Periodicals are usually divided into three groups: popular, scholarly, and trade. If you are able to recognize the differences between these types of periodicals, you can focus your research to retrieve only the type of articles you need.
Popular periodicals (like Psychology Today pictured above) are magazines and newspapers. Newspaper articles are written by journalists and mainly provide information on current events. They also contain opinion pieces (editorials and reviews). Newspapers articles and editorials are not necessarily written by experts in the subject, however. Most of the time, the same can be said for magazine articles, but magazine articles will usually be a bit more in-depth. Because magazine articles are written for a general audience, the language and discussion of a particular topic are easy to understand.
Scholarly periodicals (like Psychological Bulletin pictured above) are written by academic experts with material evaluated by other academic experts in their same fields in a process called peer-review. With the exception of book reviews, brief feature articles, and editorials, the articles in scholarly journals thoroughly investigate an issue, and may contain an original experiment, population study, or simply be a rigorous review of the literature on the topic. Journal articles usually provide a bibliography at the end to add validity and credibility to the research. Journal articles are written for other experts in the field and therefore tend to use specialized terminology that assumes some level of expertise in the topic.
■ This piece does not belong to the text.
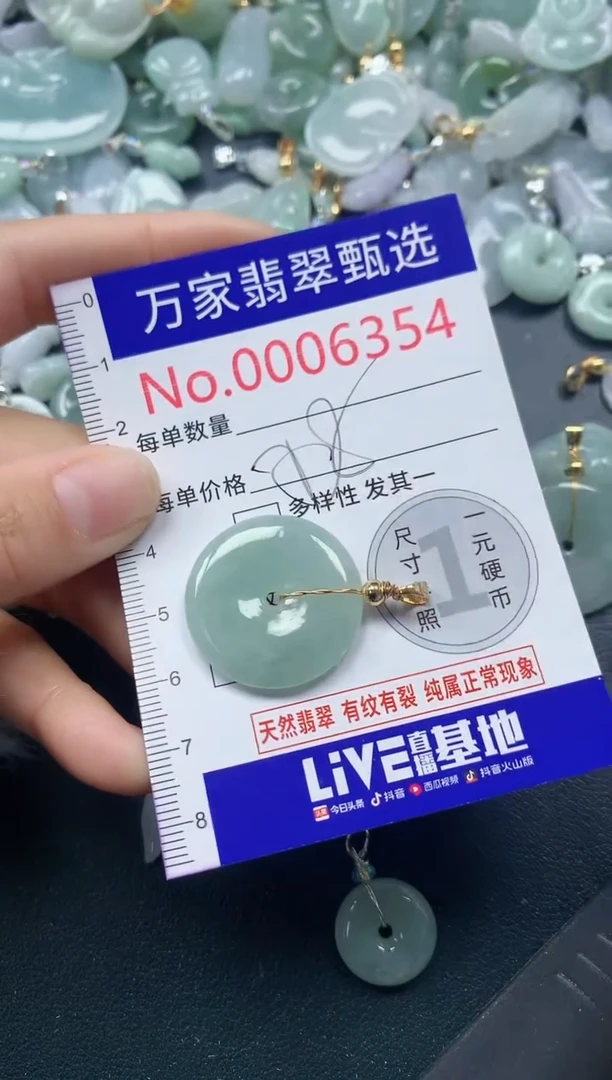 吊坠(不含链)未镶嵌翡翠6354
Trade journals or trade magazines (like Monitor on Psychology pictured above) contain articles written by professionals to provide practical information and to promote education and skills within a particular trade or industry. However, articles usually do not go through the peer-reviewed process and are not original research.
The following video provides a good overview of the differences between a scholarly and popular periodical:According to the APA PsycArticles database, an empirical article is a study based on facts, systematic observation, or experiment, rather than theory or general philosophical principle. It is a scholarly article that has gone through the peer-reviewed process and generally includes an abstract, methodology, results, discussion, conclusion, and bibliography.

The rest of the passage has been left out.